Hospital-physician integration has substantially grown in the US for the past decade, particularly in certain medical specialties, such as oncology. Yet evidence is scarce on the relation between integration and outpatient specialty care use and spending in Medicare. We analyzed the impact of oncologist integration on outpatient provider-administered chemotherapy use and spending in Medicare, where prices are fixed and do not depend on providers’ negotiating power. However, Medicare payments for outpatient services differ by location of care. Medicare pays more when the service is offered in hospital outpatient departments (HOPDs) than when the service is given in physician offices (Offices). In addition, Medicare allows practices acquired by a hospital to be re-classified as HOPDs. Thus, services offered by acquired physicians can be billed as HOPD care even when they are performed in Offices. This creates incentives for integrated providers to choose a higher-paid site, which in turn increases Medicare spending on outpatient care. We investigate how integration changes utilization and spending on chemotherapy services. Analyzing utilization is important because it assess whether spending impacts of integration are driven by utilization changes versus payment effects, and thus helps identify mechanisms by which integration affects spending.

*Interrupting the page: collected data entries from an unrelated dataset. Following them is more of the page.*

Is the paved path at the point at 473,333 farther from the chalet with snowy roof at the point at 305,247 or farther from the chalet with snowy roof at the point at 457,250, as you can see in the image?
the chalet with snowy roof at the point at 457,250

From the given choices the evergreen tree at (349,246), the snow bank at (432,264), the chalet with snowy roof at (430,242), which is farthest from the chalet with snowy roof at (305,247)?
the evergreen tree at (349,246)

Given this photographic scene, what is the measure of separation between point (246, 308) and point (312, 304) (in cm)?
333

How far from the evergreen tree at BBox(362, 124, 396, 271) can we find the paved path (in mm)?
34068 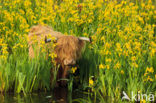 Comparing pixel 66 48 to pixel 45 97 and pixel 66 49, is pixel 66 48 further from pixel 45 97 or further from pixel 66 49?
pixel 45 97

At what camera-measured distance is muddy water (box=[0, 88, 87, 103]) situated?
225 inches

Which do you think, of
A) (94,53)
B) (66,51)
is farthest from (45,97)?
(94,53)

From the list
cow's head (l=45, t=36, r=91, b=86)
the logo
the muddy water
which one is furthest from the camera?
cow's head (l=45, t=36, r=91, b=86)

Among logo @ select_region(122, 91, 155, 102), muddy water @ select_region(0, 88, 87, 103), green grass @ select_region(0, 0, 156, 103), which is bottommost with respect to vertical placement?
muddy water @ select_region(0, 88, 87, 103)

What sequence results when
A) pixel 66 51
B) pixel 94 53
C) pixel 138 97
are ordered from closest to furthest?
pixel 138 97 → pixel 66 51 → pixel 94 53

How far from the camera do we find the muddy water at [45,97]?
5.71 m

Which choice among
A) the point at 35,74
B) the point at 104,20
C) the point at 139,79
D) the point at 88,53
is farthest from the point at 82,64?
the point at 104,20

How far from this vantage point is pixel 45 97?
593cm

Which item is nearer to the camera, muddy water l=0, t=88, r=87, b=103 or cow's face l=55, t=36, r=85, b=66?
muddy water l=0, t=88, r=87, b=103

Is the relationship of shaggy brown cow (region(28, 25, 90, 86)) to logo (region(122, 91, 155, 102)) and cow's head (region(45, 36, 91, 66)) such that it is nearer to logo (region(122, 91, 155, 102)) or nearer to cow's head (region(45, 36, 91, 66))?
cow's head (region(45, 36, 91, 66))

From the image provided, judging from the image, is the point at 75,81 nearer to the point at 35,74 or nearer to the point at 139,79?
the point at 35,74

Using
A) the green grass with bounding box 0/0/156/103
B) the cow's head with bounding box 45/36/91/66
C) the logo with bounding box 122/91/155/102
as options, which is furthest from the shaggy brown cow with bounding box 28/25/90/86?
the logo with bounding box 122/91/155/102

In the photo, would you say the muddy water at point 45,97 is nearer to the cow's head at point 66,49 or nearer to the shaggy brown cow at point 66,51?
the shaggy brown cow at point 66,51

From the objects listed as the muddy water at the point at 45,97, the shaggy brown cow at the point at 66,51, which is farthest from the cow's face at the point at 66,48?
the muddy water at the point at 45,97
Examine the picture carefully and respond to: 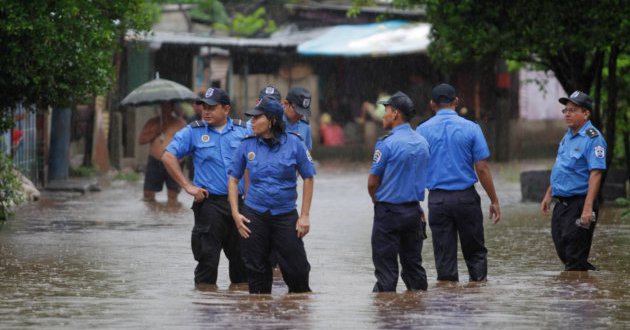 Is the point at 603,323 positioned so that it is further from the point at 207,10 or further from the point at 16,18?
the point at 207,10

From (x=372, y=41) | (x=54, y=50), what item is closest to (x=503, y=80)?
(x=372, y=41)

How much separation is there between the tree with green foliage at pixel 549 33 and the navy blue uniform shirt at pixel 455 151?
8.12 m

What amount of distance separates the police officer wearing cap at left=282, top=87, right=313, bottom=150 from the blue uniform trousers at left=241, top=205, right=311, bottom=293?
6.86ft

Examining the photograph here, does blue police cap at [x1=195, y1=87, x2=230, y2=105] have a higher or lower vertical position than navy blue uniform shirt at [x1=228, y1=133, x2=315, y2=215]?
higher

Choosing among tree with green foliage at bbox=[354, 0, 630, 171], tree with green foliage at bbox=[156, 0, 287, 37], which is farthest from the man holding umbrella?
tree with green foliage at bbox=[156, 0, 287, 37]

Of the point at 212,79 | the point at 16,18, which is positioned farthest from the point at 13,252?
the point at 212,79

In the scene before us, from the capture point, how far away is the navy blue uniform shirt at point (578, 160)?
1157 centimetres

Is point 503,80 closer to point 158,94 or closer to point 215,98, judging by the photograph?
point 158,94

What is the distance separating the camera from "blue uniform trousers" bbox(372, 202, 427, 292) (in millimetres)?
10477

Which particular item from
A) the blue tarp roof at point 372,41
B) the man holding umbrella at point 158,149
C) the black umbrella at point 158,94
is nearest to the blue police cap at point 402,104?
the man holding umbrella at point 158,149

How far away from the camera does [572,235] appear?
11.7m

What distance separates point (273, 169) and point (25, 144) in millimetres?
14676

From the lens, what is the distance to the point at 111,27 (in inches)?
709

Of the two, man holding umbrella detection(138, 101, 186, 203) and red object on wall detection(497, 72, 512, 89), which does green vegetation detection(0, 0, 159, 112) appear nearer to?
man holding umbrella detection(138, 101, 186, 203) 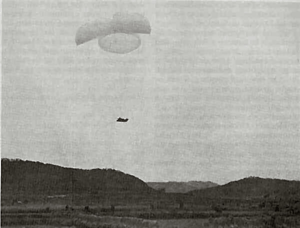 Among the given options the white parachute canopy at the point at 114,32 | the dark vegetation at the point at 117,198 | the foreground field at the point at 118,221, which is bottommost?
the foreground field at the point at 118,221

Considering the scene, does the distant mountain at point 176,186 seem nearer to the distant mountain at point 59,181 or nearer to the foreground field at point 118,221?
the distant mountain at point 59,181

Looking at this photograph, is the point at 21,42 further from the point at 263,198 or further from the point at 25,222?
the point at 263,198

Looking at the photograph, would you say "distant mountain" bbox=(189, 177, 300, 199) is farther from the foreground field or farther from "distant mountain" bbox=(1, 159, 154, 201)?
"distant mountain" bbox=(1, 159, 154, 201)

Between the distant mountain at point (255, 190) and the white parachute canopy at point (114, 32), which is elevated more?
the white parachute canopy at point (114, 32)

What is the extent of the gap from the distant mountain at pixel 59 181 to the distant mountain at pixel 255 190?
59cm

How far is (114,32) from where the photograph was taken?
381cm

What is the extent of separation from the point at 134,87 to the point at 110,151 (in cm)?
58

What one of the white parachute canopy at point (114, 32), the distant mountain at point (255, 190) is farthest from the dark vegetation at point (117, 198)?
the white parachute canopy at point (114, 32)

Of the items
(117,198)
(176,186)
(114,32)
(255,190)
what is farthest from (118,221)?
(114,32)

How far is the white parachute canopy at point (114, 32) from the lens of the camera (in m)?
3.82

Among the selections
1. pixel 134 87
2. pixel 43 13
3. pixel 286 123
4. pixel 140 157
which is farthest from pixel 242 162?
pixel 43 13

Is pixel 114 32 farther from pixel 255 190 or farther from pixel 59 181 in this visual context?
pixel 255 190

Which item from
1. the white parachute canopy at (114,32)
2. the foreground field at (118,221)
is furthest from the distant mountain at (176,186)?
the white parachute canopy at (114,32)

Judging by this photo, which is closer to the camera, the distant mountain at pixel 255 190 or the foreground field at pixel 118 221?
the foreground field at pixel 118 221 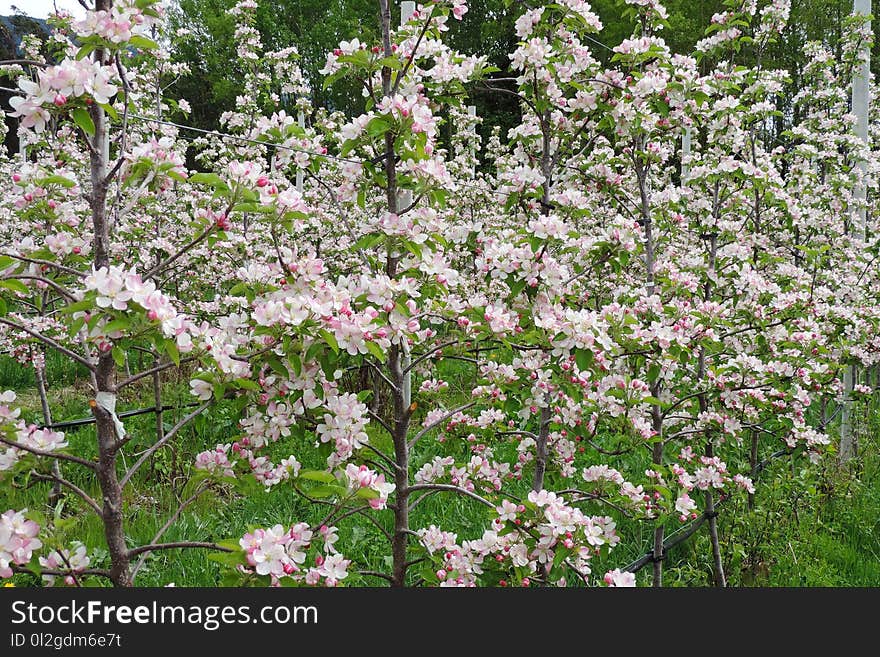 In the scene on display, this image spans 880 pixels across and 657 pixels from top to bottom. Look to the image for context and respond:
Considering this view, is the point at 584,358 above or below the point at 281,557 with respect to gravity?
above

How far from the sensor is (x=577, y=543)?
1852 mm

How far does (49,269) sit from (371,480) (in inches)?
40.2

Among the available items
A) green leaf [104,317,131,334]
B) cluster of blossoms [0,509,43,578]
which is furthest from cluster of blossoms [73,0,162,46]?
cluster of blossoms [0,509,43,578]

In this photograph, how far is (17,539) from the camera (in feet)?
4.64

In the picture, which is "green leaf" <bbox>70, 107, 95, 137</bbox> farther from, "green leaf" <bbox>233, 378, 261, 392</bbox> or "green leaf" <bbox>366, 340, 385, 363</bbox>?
"green leaf" <bbox>366, 340, 385, 363</bbox>

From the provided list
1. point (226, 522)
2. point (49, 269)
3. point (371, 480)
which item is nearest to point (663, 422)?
point (371, 480)

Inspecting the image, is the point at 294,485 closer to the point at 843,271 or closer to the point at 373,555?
the point at 373,555

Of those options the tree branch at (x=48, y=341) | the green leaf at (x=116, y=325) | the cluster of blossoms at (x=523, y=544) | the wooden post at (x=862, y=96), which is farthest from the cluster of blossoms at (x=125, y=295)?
the wooden post at (x=862, y=96)

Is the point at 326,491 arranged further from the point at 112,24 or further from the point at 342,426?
the point at 112,24

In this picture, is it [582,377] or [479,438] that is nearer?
[582,377]

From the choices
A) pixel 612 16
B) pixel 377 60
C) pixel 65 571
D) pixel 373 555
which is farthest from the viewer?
pixel 612 16

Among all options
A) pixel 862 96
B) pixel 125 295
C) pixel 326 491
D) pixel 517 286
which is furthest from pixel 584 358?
pixel 862 96

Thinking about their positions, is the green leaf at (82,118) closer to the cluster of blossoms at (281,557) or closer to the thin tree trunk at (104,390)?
the thin tree trunk at (104,390)

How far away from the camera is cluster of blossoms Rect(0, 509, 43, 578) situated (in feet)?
4.58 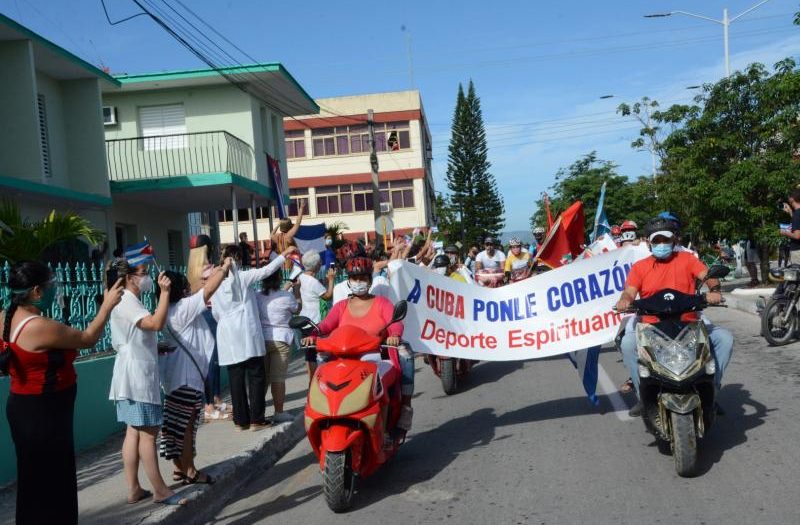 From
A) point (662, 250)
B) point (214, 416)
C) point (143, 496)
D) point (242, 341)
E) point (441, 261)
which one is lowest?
point (214, 416)

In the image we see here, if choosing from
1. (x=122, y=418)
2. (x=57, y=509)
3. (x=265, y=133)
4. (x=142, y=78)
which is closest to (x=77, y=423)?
(x=122, y=418)

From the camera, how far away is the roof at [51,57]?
50.3 feet

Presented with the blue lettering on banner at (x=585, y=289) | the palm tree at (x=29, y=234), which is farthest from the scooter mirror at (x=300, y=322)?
the palm tree at (x=29, y=234)

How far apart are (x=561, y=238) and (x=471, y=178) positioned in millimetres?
51302

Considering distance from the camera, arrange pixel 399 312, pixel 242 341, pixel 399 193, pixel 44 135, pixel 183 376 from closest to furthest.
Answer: pixel 183 376
pixel 399 312
pixel 242 341
pixel 44 135
pixel 399 193

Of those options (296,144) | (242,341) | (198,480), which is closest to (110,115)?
(242,341)

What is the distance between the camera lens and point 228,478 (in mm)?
6859

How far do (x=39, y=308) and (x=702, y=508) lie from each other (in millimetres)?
4208

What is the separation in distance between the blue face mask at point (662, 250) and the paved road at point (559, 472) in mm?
1577

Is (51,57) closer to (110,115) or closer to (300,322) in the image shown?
(110,115)

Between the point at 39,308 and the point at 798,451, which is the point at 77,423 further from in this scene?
the point at 798,451

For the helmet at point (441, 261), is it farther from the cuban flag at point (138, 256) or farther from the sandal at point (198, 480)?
the cuban flag at point (138, 256)

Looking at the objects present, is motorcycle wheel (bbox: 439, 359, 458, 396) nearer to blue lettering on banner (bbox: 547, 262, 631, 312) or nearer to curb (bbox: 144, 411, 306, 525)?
curb (bbox: 144, 411, 306, 525)

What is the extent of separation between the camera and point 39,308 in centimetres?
474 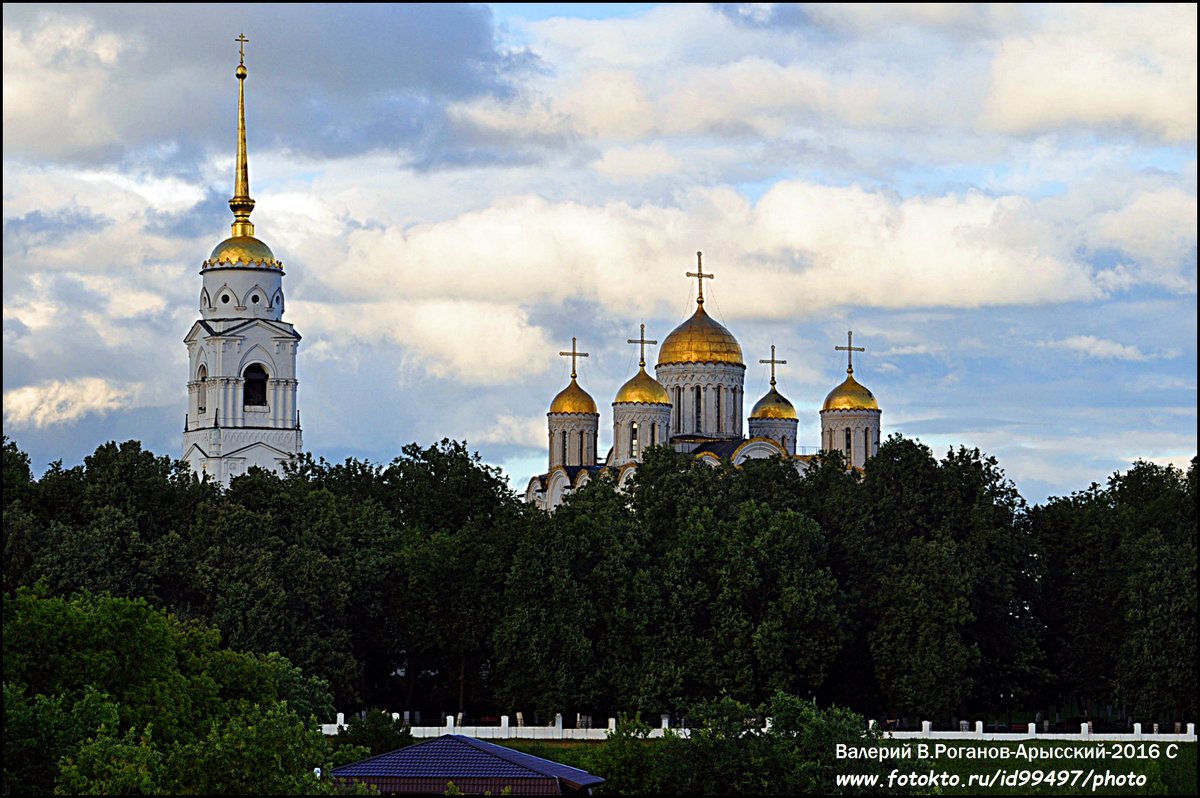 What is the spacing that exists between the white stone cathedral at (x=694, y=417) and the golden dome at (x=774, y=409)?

The study population is a random sample of Medicare beneficiaries who had cancer between 2009 and 2013 and who received provider-administered outpatient chemotherapy. We used Medicare claims data and obtained information on provider integration from SK&A data by Quantile/IMS. We addressed oncologists’ selective integration and patients’ non-random choice of oncologists using a difference-in-differences (DD) approach and an instrumental variables (IV) analysis. In all analyses, we used oncologist fixed effects and clustered standard errors within oncologists.

We measured five outcomes of chemotherapy services at the patient-year level: frequency of chemotherapy drug claims; frequency of chemotherapy administration claims; chemotherapy drug spending; and chemotherapy administration spending. We also created a “treatment mix” variable – spending per chemotherapy drug claim – to examine whether integrated providers used more expensive drugs.

We found that integrated oncologists reduced the quantity of outpatient chemotherapy drugs but used more expensive treatments. This led to an increase in chemotherapy drug spending after integration. These findings suggest that changes in treatment patterns – treatment mix and quantity – may be an important mechanism by which integration increases spending. We explored the implication of high treatment mix for patient care and found that integration did not improve patient outcomes. We also found that integration increased spending on chemotherapy administration. This is because integration shifted billing of chemotherapy to hospital outpatient departments, where Medicare payments for chemotherapy administration are higher than those in physician offices.

As integration increases, efforts should continue to assess how integration influences patient care and explore policy options to ensure desirable outcomes from integration.